Stopping at the craft store on my way to Capoeira - (mini crash) gosh look at all the cute stuff. I want to make something for a baby. Babies... man, I am so ready to have a baby. I really want to start a family with him. I don't care, we'll figure it out... oh wait.. no can't do that. I'd have to pack up everything and move and I can't even do that until after he gets back from this underway. Then I'd have to give notice at work. By the time I can move up there we'd have only a little over a year before he's out of the Navy. Why would I leave my job and dance when he'll be back in just over a year. Well crap, I guess I have to wait.
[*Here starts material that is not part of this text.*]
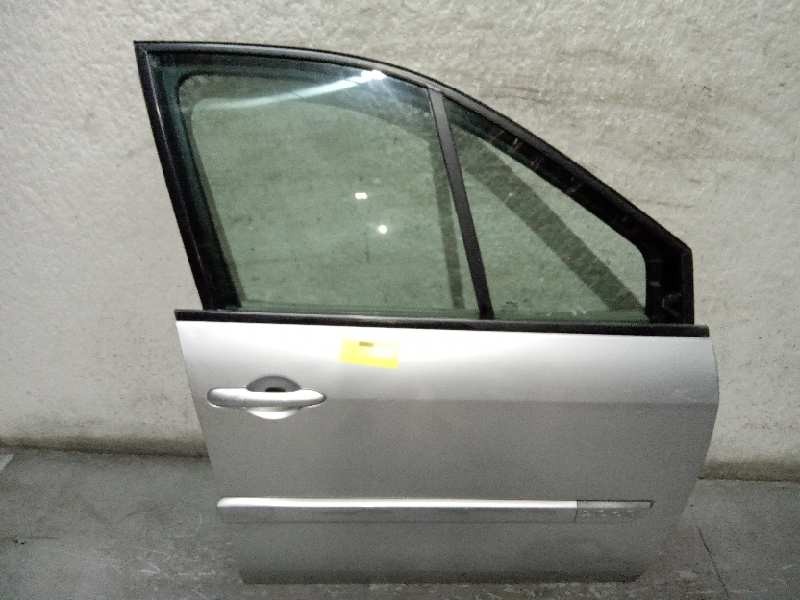 Recambio de puerta delantera derecha para renault scenic ii grand confort expression referencia OEM IAM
Now I'm frustrated, and kinda sad.

At Capoeria - Wee this is so much fun and I'm going to get in such good shape. He'll be so surprised when he gets back and see's all the things I've learned in this class!
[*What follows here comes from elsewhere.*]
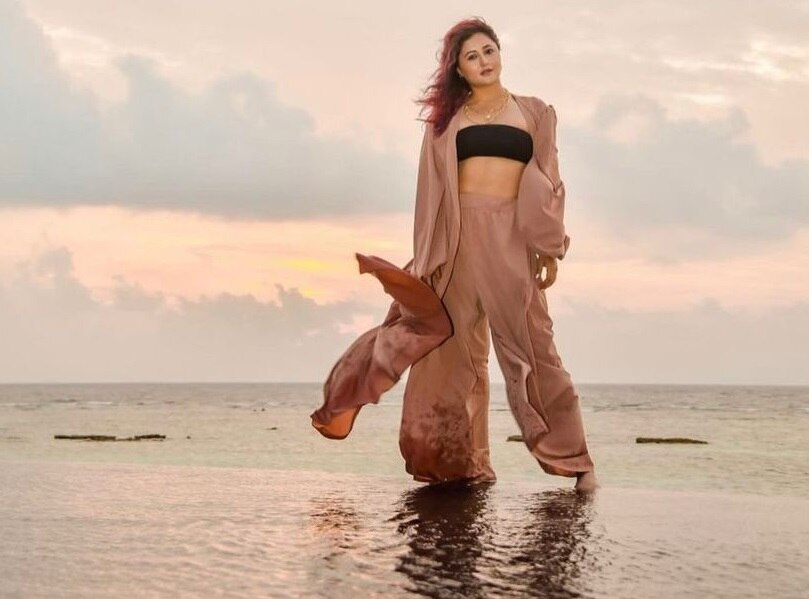 Rashmi Desai Shares Photos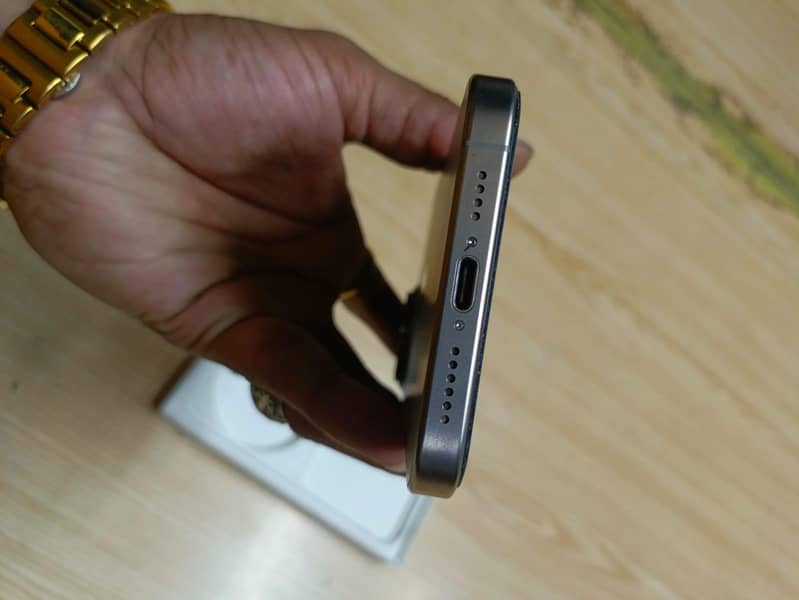 Iphone 15 pro max 6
Leaving Capoeria - CRASH AND BURN!!!  Hmm, I don't really want to go home to my empty apartment. And look at what an awesome sunny day it is. I wish he was here to do something in this awesome sunshine. We'd go running, or hiking, or biking, or something. We'd do something outside, together! Man, I hate sunny days. :(  I guess I'll just go back to the apartment, alone... and eat some of that food that I just had delivered. I've got nothing else to do anyway. I am sad. And lonely. Stupid sunny day.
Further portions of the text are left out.